Some pictures from Day 9

African Hill Babbler, Pseudoalcippe abyssinica

Black-fronted Bushshrike, Chlorophoneus nigrifrons

African Dusky Flycatcher, Muscicapa adusta

Cape Robin-Chat, Cossypha caffra

Usambara Akalat, Sheppardia montana, Endemic to West Usambara Mountains, Tanzania

Day 10, Saturday, April 23, 2022 – Magamba Forest – Kiligolf

I spoke with my friends on the line to the hotel they were staying at the morning after. They complained I was not flexible. I said we were flexible from 2-3 nights and I could have been flexible for the fourth night as well if they had told me in the morning. I had packed food for 3 days and not 4 and how would I get food? I told them that Victor and I would drive to the office as soon as we finished packing and they could choose between either continue the trip and go with us to Amani Forest or they could find an alternative way of finishing their trip.

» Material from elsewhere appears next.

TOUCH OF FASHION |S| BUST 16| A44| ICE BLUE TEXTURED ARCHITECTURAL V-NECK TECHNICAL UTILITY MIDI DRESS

If they went to us to Amani Forest I also told them to never run away without having either Victor or me with them and that he should never call a bird unless Victor or me told him to. We arrived at the office, they were already there. They made no attempt on bringing the luggage in to the car. My friend told me that they had chosen the other alternative namely to continue the trip  themselves. To be honest, I never understood why they needed me anyway since they were fully intent on doing all the birding themselves. I guess I learnt a few lessons. I just took my car and left with a big smile on my face and drove home that day. For me that was a much better option than to continue a trip were I never were in control. I also want to add that I did not taste a drop of alcohol on this trip.